The first solo show of Japanese artist Rikako Kawauchi at the Van der Grinten Galerie in 2022 was titled simply ‘Lines’. This unreservedly handed the viewer the key to reading the entire work group, invoking the red thread that was clearly visible in her drawings (pencil and aquarelle) as well as the three-dimensional pieces (wire coated with resin). The power of the line appeared in both the small format drawings and the large ones, over three meters tall, as an immediate, still pulsating extension of the physical energy that the artist felt and experienced during the actual creative act. The line as evidence of the existence of the body; the line as the end result: the body as the essential anchor of Kawauchi’s artistic practice and reflection, in both formal and philosophical regard. In her own words: “I believe that the line truly expresses the state of a person’s body. As the condition of my own body is vague and uncertain, however, I have the sense that the line fixes my body and thoughts, which are in flux, to a single point.
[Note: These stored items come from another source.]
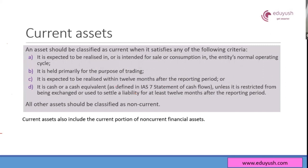Current assets are assets which satisfy any of the following criteria: expected to be realized in, or intended for sale or consumption in, the entity's normal operating cycle.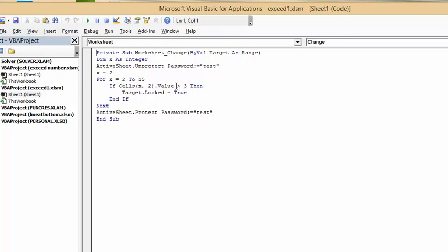Now, when I include this in my description, I won't be able to use the symbol for greater than. So, I will put in brackets greater than symbol. So, if the value exceeds 3, then target locked equals true.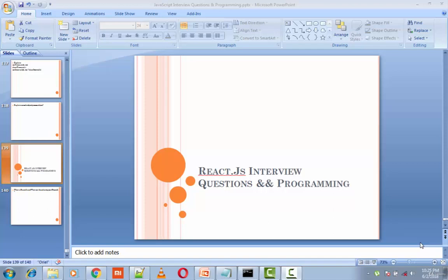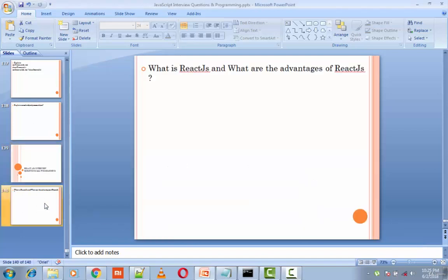So let's check some React.js interview questions and programming. What is React.js and what are the advantages of React.js?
Later, when I look at these things that have been fixed in this way, I feel that I am able to understand a little better how my own body and thoughts were at that time.”
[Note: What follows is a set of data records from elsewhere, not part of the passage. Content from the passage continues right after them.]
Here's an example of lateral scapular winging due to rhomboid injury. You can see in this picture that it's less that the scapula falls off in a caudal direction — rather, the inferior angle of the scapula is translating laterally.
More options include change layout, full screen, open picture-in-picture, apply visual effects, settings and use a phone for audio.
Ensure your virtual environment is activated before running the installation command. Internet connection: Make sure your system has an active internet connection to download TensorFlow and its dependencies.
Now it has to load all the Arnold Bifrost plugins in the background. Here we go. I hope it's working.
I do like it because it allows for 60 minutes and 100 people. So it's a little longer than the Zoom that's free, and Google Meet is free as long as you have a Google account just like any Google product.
This time, for her second exhibition at our gallery, Kawauchi has chosen a very long title, a quote that paves the way for a thematic and conceptual reading of the works: “Food, animals, organs, plants, bodies, etc.: everything outside me is everywhere in the air. I breathe them in, I breathe them out.” We are now showing her oil paintings for the first time, in tandem with a selection of the latest drawings on paper. In contrast to the clear, light and airy drawings, in which the forms float and breath in the often empty space of the pristine paper, Kawauchi’s oil paintings display a strong physical presence: in the thick, fresh layers of colorful material that form the weighty, abstract foundation, the palette knife is used to carve out motives that nevertheless transport the same somatic energy as the thin, minimalistic lines drawn on paper. In this connection, Mika Kuraya, Director of the Yokohama Museum of Art, has this to say: “… no matter what kind of drawing material is used to draw the lines on the ground, they will inevitably inscribe traces of the artist’s body. In order to discover a sense of her own externalized body, however, Kawauchi demands that the traces of her body leave a stronger mark in the pictorial surface.”
The visual language found in the paintings picks up on many elements that the viewer can recognize from the drawings. However, we are also confronted with complex combinations in which a more pronounced blending of the elements of food, animals, human organs appears in more or less chaotic compositions. Here we find ourselves at the heart of the matters that occupy the artist: the interaction between the external and internal aspects of the body; the physiological means of ingestion and intake (eating, breathing) of the world that surrounds our “meat suit”; and the act of transformation and return (of bodily substances and energy). The ambiguity and blending of the motifs can be read as the representation of one specific thing (an organ) or another (plant). The symbolic variability and obsessive recurrence of these motifs echo, among other things, the mythology of certain ancient cultures, as interpreted by the great structural anthropologist Claude Lévi-Strauss, whom Kawauchi cites emphatically as an influence for her work, for example in an interview with Mika Kuraya: “According to Lévi-Strauss, South-American and South African mythology are built on a certain consistency of hidden messages. The origins of human culture, moreover, are based on food and activities related to the body, such as digestion and excretion. This analysis resonated with my own thinking about food and the body. Furthermore, Lévi-Strauss analyzes all kinds of motifs in mythology, such as tigers, palm trees, and other plants and animals, seeing them as repositories of abstract meanings and metaphores.”